*** Information shown Section Begins ***

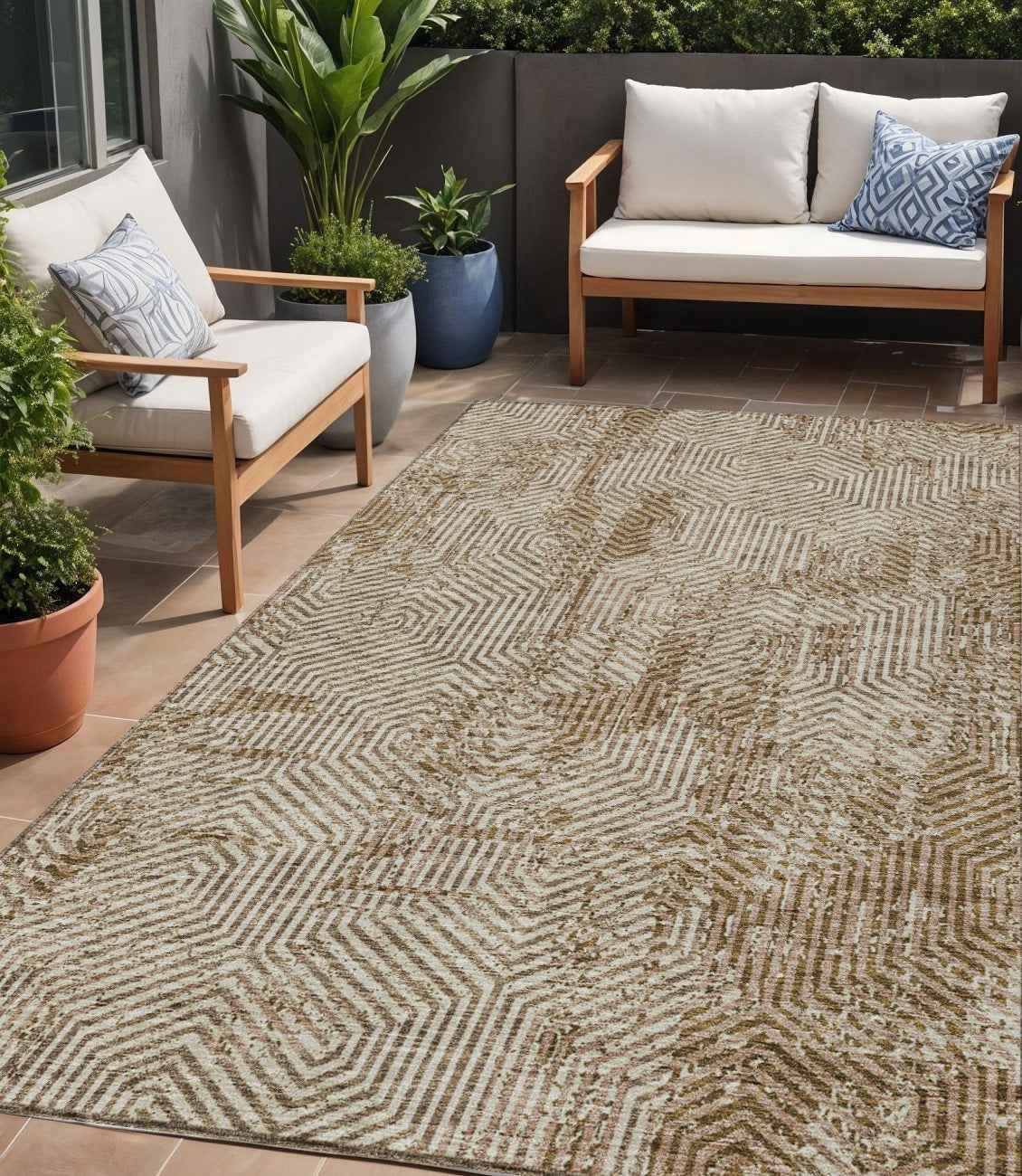 5' X 8' Brown And Beige Geometric Washable Indoor Outdoor Area Rug
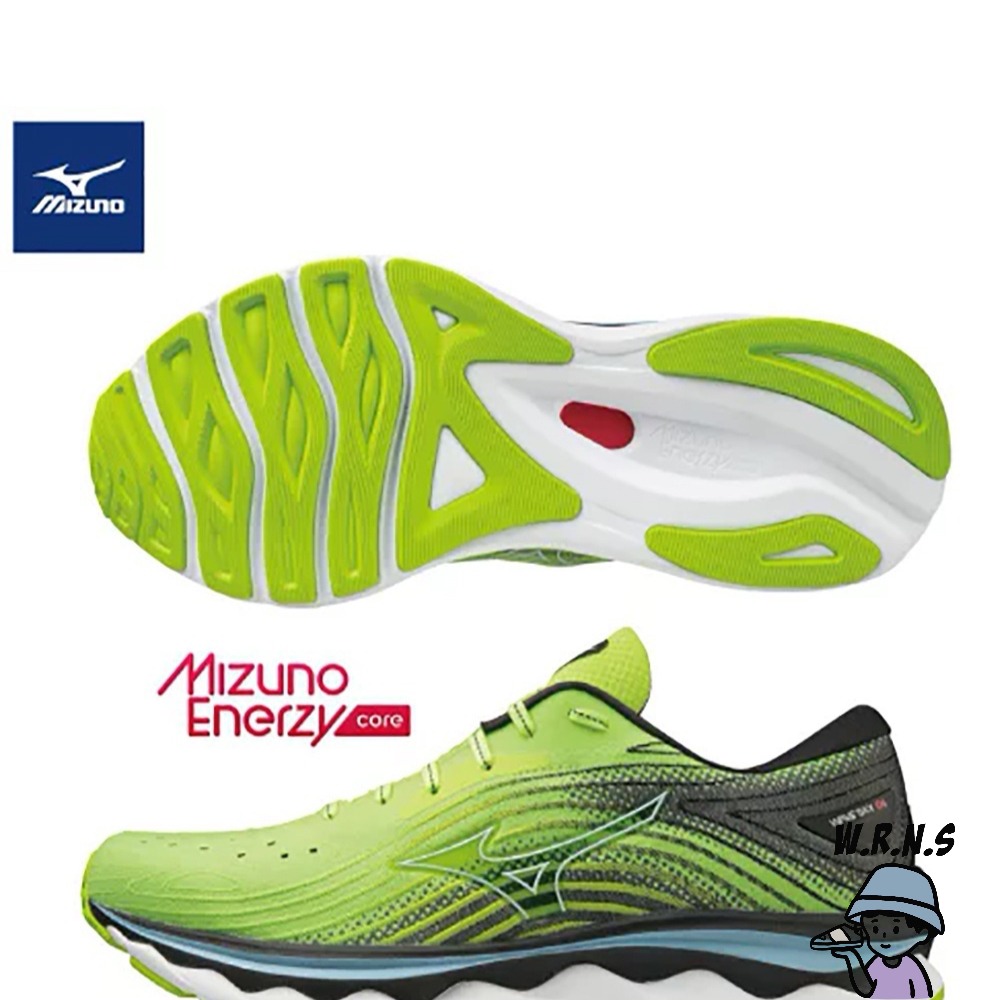 MIZUNO 美津濃 WAVE SKY 6 男鞋 慢跑 U4icX中底 螢光黃 J1GC220205-細節圖3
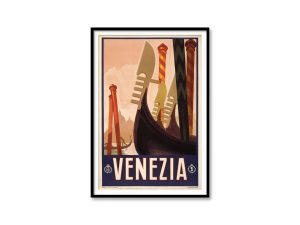 Venezia Travel Poster – Italian Tourism Art, Gondolas in Venice, 1930s ENIT Decor, Retro Italy Wall Art, Venice Poster, Vintage Venice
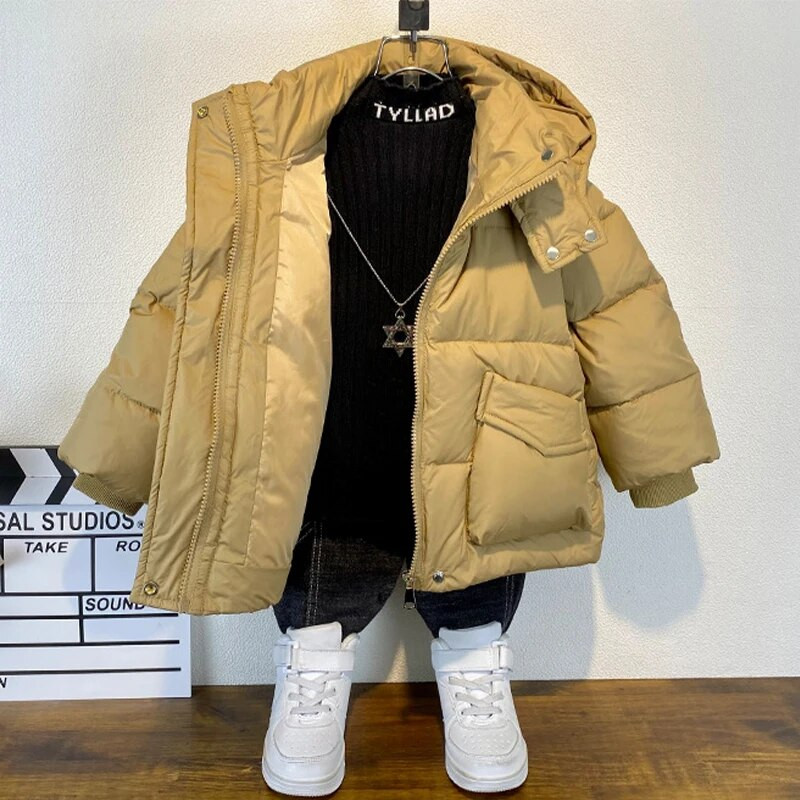 Παιδικό 2023 Winter Thicken Down Βαμβακερό παλτό για αγόρια Μόδα μονόχρωμο μπουφάν με κουκούλα με φερμουάρ Παιδικά εξωτερικά ρούχα Parka 3-14 ετών
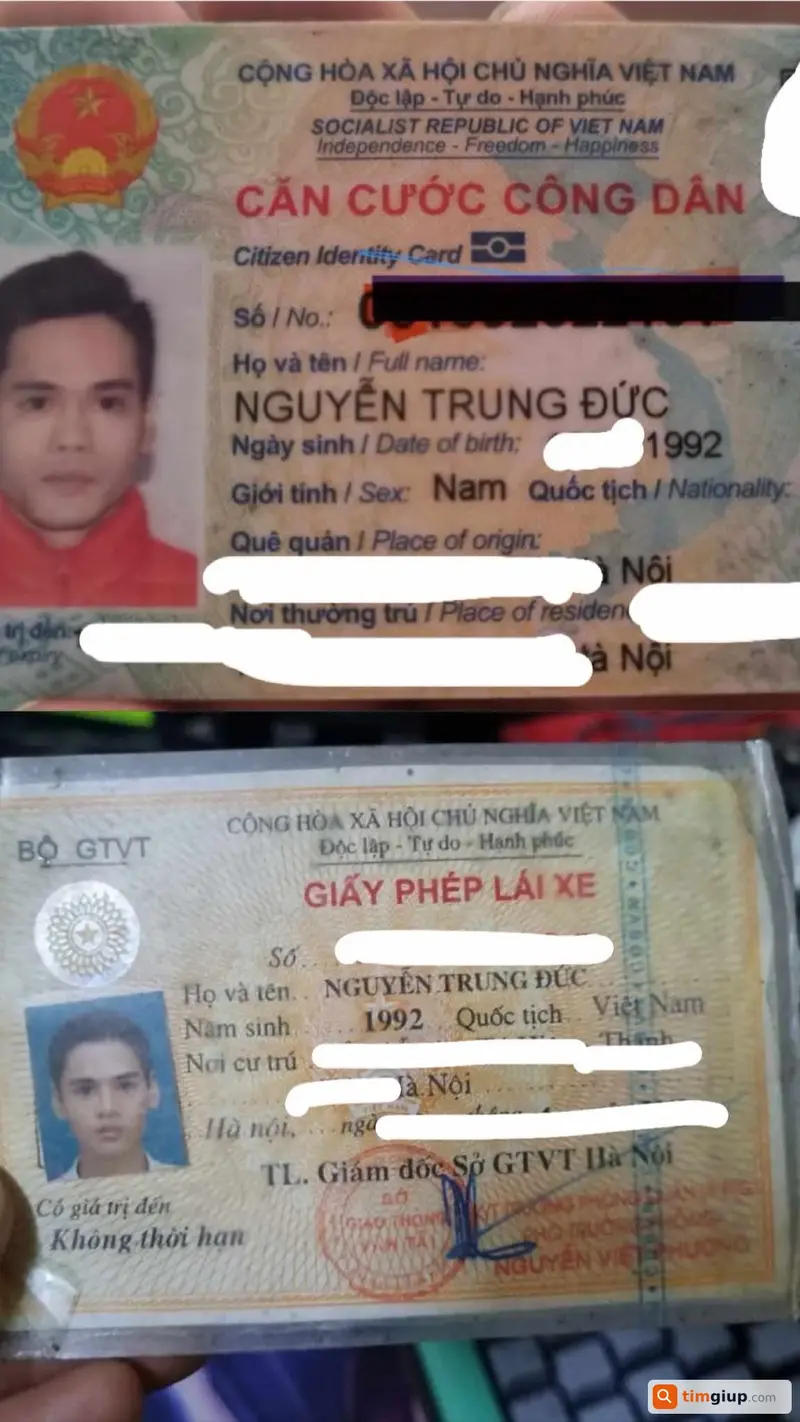 Tìm ví màu đen chứa giấy tờ của anh Nguyễn Trung Đức tại Hà Đông, Hà Nội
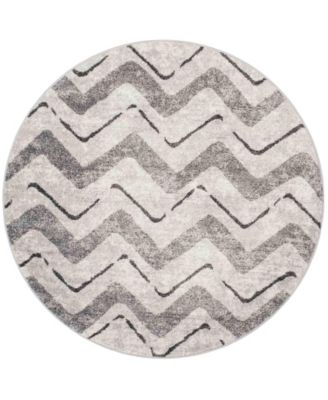 Adirondack Silver and Charcoal 6' x 6' Round Area Rug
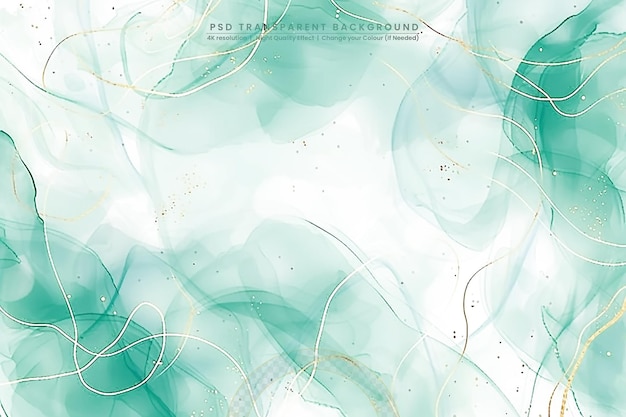 Pastel cyan mint vloeibare marmer aquarel generatieve aion transparant achtergrond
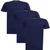 Kit 3 Camisetas Masculina Básicas Casual Itália Tecido Algodão Premium Azulmarinho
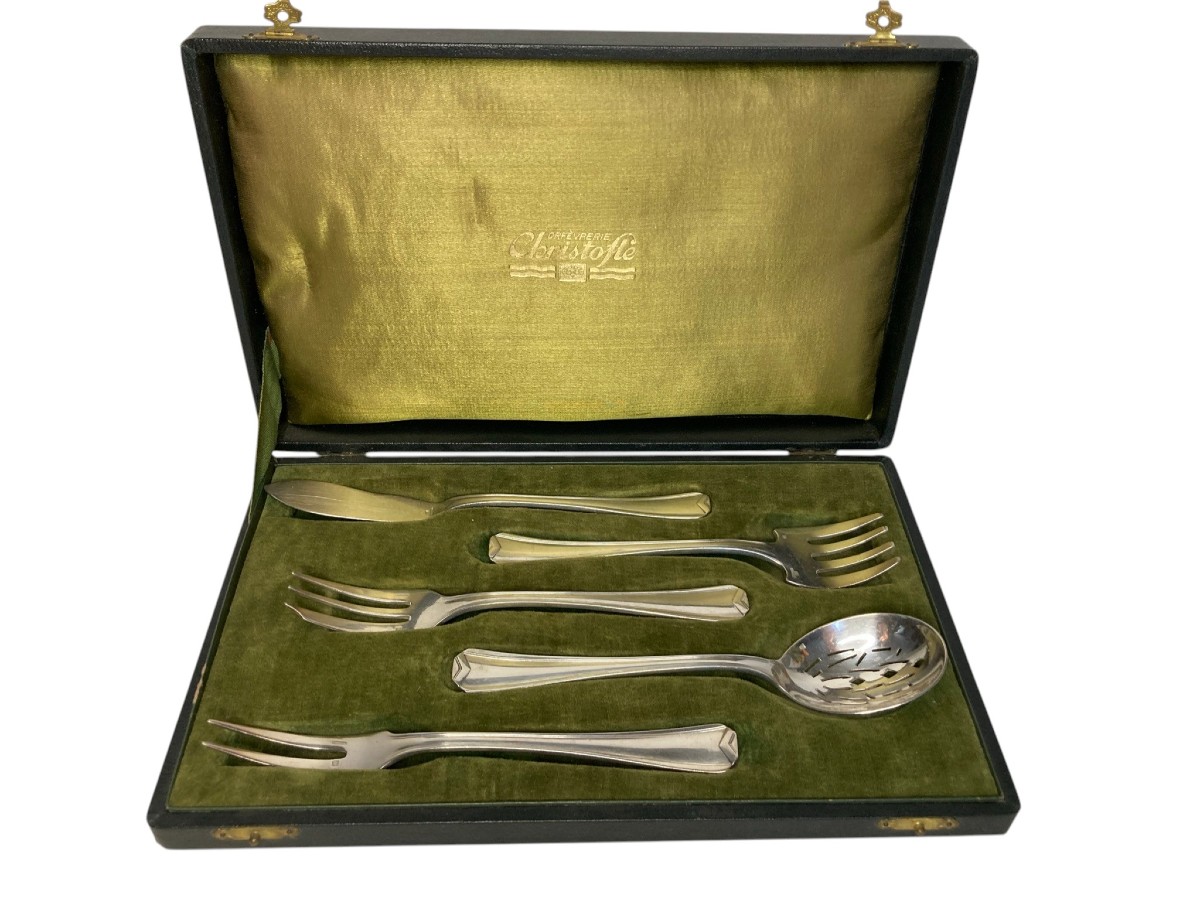 Tableware, Christofle Silver-plated Metal Confectionery Service Circa 1940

*** Information shown Section Ends ***

__Work task__
Exclude all pictures and reproduce exactly the lines from the one containing "Adirondack Silver and" through the final line of the entries above.

__Expected answer__
 Adirondack Silver and Charcoal 6' x 6' Round Area Rug
 Pastel cyan mint vloeibare marmer aquarel generatieve aion transparant achtergrond
 Kit 3 Camisetas Masculina Básicas Casual Itália Tecido Algodão Premium Azulmarinho
 Tableware, Christofle Silver-plated Metal Confectionery Service Circa 1940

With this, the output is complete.